The next time you send your personal chef to market for essentials like caviar and foie gras, you might want to slip him a few extra hundred to cover this season's lobster budget!
But seriously, while the average bargain-savvy DealNews reader doesn't spend much on the luxury crustacean, it is a favorite splurge for summer cookouts and celebratory dinners. However, thanks to a frigid winter, climate change, and increasing global demand, the delicacy is more expensive than ever.
Harsh Winter Could Raise Prices $2 Per Pound
That brutally cold winter last year kept the New England waters chilly even into the summer, which in turn has kept the lobster population inactive and away from the shore. As a result, Maine's fishermen, which haul in 85% of the United States' total, have caught fewer lobsters this summer. As Tech Insider reports, that means the price of your lobster dinner is likely to increase.

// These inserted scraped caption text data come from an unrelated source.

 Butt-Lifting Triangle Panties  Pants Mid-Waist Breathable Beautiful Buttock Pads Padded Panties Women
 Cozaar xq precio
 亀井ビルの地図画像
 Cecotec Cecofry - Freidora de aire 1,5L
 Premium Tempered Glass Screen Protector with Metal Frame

Lobster prices traditionally decrease during the summer months when fishermen catch more soft-shelled lobster, which is the type of lobster that is typically consumed. But with low supply, this year's prices have reached as high as $10.99 per pound, which is roughly $1 to $2 more than last year's per-pound price.
Fortunately, the recent heat wave is helping to return the ocean water to its normal temperature for this time of year, which has triggered the movement of more soft-shell lobster. However, mariner researchers indicate that even this change will not leave enough time for the market to totally return to normal.

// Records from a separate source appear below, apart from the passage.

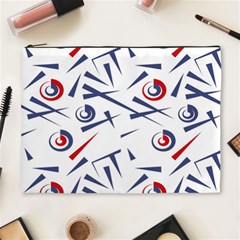 Abstract Pattern Geometric Backgrounds   Cosmetic Bag (xl) by Eskimos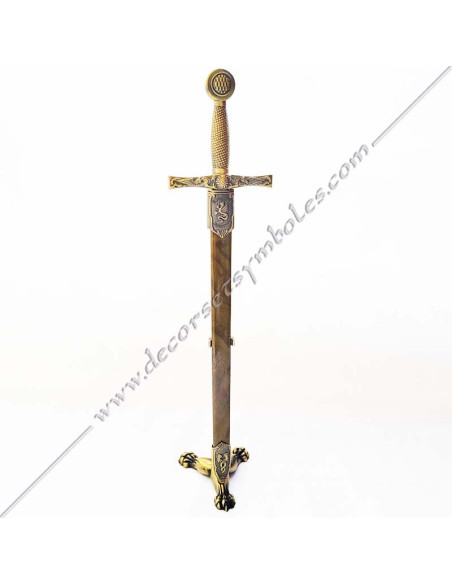 CFM030-masonic-paper-cutters-swords-excalibur-king-arthur-gifts-accessories-tools-fm-decorations-signs-gloves-white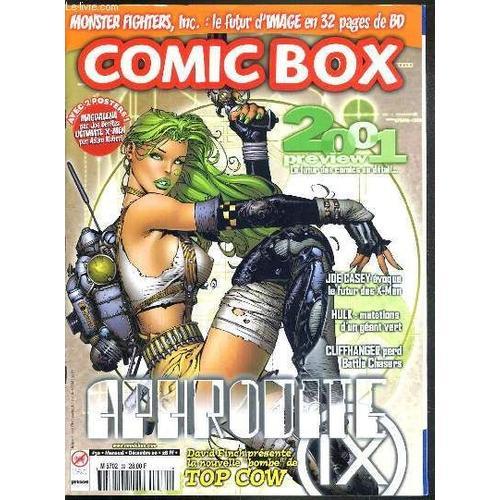 Comic Box - N° 30 - Decembre 2000 + Monster Fighters Inc., Le Livre... on Productcaster.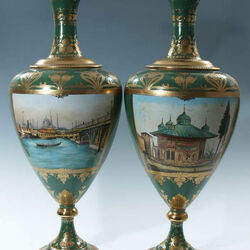 Пазл: Старинные вазы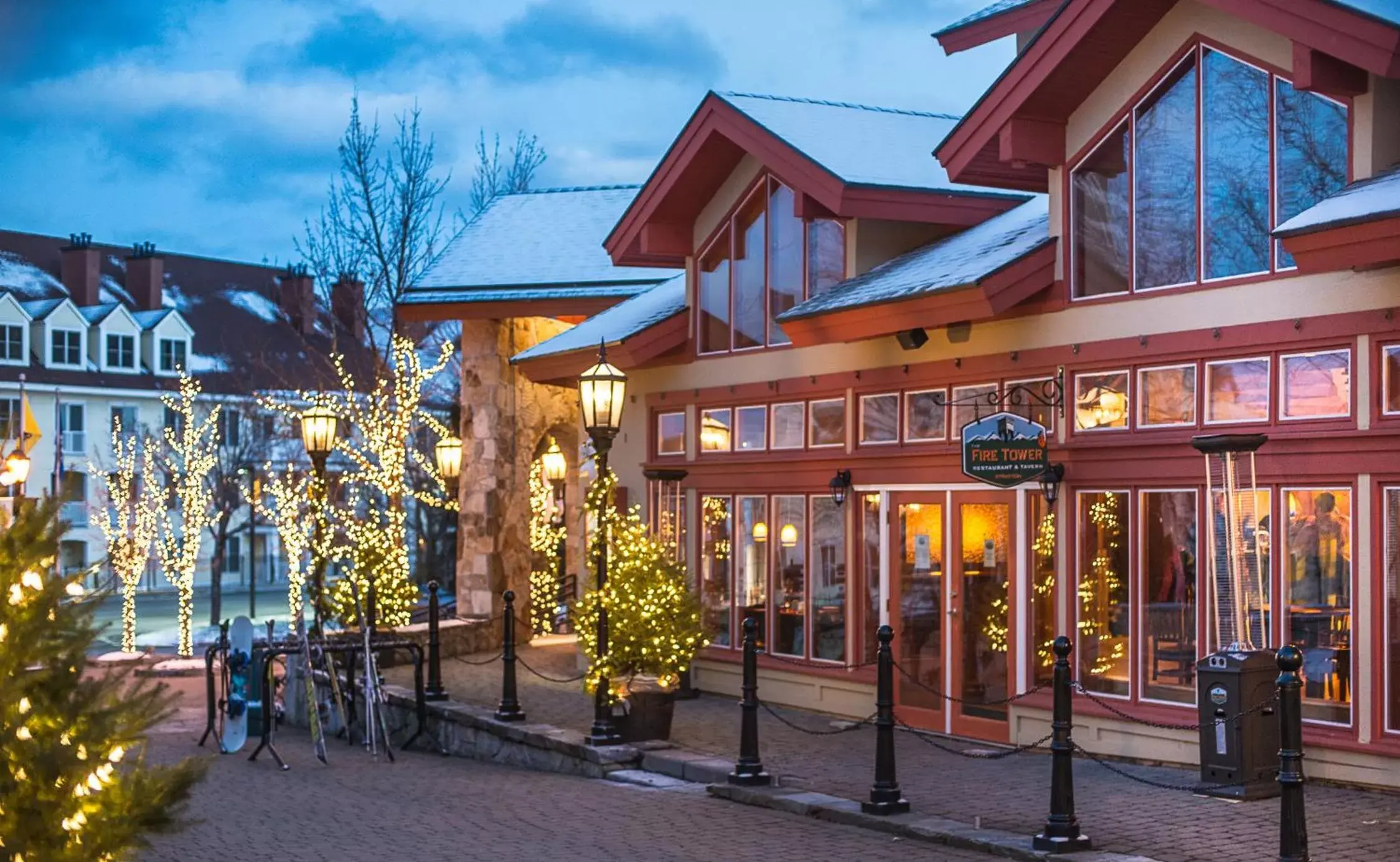 Area and facilities, Property Building in The Black Bear Lodge at Stratton Mountain Resort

Demand From Asia Could Keep Long-Term Prices High
Unfortunately, an abnormally cold winter isn't the only reason lobster prices are high. Last year, China imported $90 million worth of lobster and the demand is expected to rise again this year, despite the fact that it's becoming increasingly more difficult to catch wild lobster.

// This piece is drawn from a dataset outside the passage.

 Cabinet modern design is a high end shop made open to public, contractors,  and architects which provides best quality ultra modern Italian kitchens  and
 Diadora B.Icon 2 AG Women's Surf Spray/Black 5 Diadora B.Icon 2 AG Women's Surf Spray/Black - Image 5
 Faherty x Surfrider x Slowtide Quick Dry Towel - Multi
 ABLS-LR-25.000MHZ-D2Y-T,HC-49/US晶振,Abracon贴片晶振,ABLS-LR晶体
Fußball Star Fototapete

Although this summer has been the exception, ocean temperatures are rising dramatically and lobster that was once caught off the shores of the northeast has moved further and deeper north in search of cooler waters. This is the case not only with lobster, but with fish such as the black sea bass, which was once found along the mid-Atlantic and can now only be found in the Gulf of Maine.
Although it's been possible to farm some fish such as salmon, lobsters eat a lot and grow slowly, which makes them twice as difficult and expensive to farm.
Hard to believe there's all this money spent on a food once fed to prisoners and servants. What will you do reader — spend even more on your splurge, or go without your lobster roll this year? Let us know in the comments below.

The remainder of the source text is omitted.